And Washington’s Legislature, given a slim Democratic majority in House and Senate, passed a ban on bump stocks. Unlike Florida’s lawmakers, however, it balked at legislation, Senate Bill 6620, that would have raised the age limit to purchase certain semi-automatic rifles to 21 from 18 and brought background-check requirements for those firearms in line with the rules for handguns.
The Legislature’s inability to do more regarding firearm measures, particularly SB6620, is disappointing. Sen. David Frockt, D-Seattle, told The Seattle Times earlier this month that had the bill been allowed votes in both chambers, it had the necessary support to pass, with even a few Republican votes. The bill had been amended to include school safety measures sought by Republicans.
But the bill was met with opposition from gun rights groups that have frustrated efforts in past sessions for even the most-limited measures regarding firearms.
44th District Sen. Steve Hobbs, D-Lake Stevens, explained to the Times the bill was brought up late in the session. “I don’t think it was fully vetted,” Hobbs said about a bill that passed a Senate committee, 14-7.
But that justification rings hollow in the face of support by Hobbs and most other lawmakers for the ill-fated bill — vetoed by the governor — that attempted to largely exempt legislators from the provisions of the Public Records Act. In the span of less than 48 hours, and with little discussion and no debate, lawmakers passed legislation that was far from “fully vetted.”
Current legislators and members of Congress running for re-election and their challengers would do well to consider the public support that is building for firearms legislation.

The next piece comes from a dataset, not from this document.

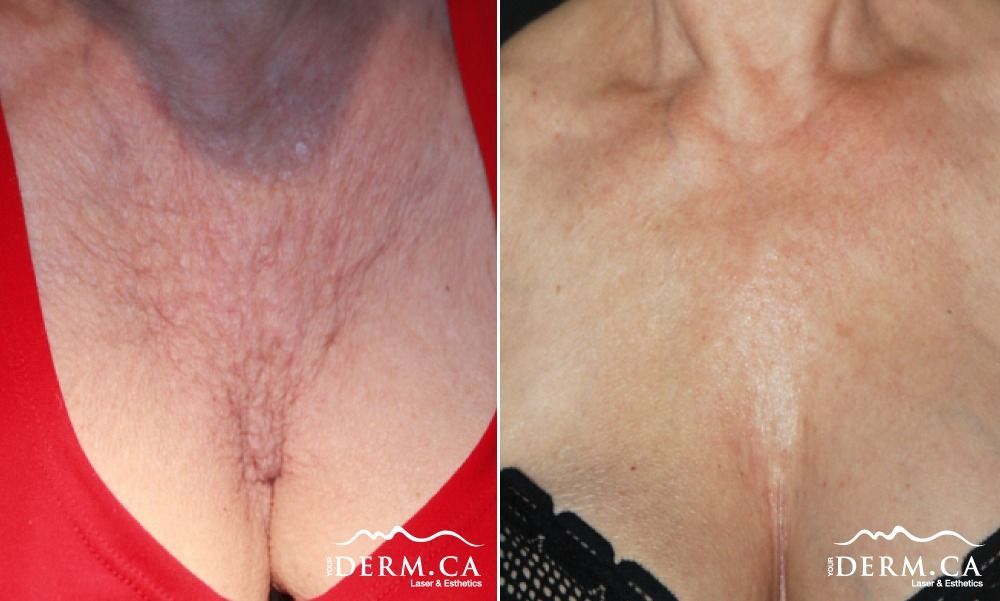 Person before and after Platelet Rich Plasma therapy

The Alliance for Gun Responsibility, a Seattle-based nonprofit advocacy group, released results of a February poll that was taken in four suburban legislative districts in Snohomish, King and Pierce counties, including Hobbs’ 44th District, which includes Lake Stevens, parts of Marysville, Snohomish, Mill Creek and surrounding areas of the county.
The polls of registered voters in the 5th, 30th, 44th and 47th districts found that majorities between 77 percent and 82 percent supported increasing the age to purchase so-called assault weapons to 21 from 18 and extending the background-check standard for handguns to those firearms.
The poll of 300 registered voters in the 44th District — 95 percent of whom said they were “almost certain” to vote in the November election — found 77 percent supported the increase in age limit, 64 percent who strongly favored it and 13 who somewhat favored the increase. Even among gun-owners in the 44th, the support was 68 percent.
The poll also asked if support for such legislation would cause them to be more likely to vote for a candidate. Majorities between 64 percent and 70 percent in each of the districts — 67 percent in the 44th District — said a candidate’s support for the legislation would make them “more likely” to vote for that candidate.
Candidates also need to consider the possibility of a surge among young voters in this year’s elections.
A nationwide poll of more than 4,700 adults for Cosmopolitan found that 68 percent of adults, ages 18 to 34, said they were “absolutely certain” to vote in this November’s elections, contrasted against the 25 percent who said they had voted in the 2014 midterm elections.
Candidates for the Legislature and Congress should expect to take some questions on their support for firearms legislation as students who turn 18 this year and their supporters, continue their march to the ballot box.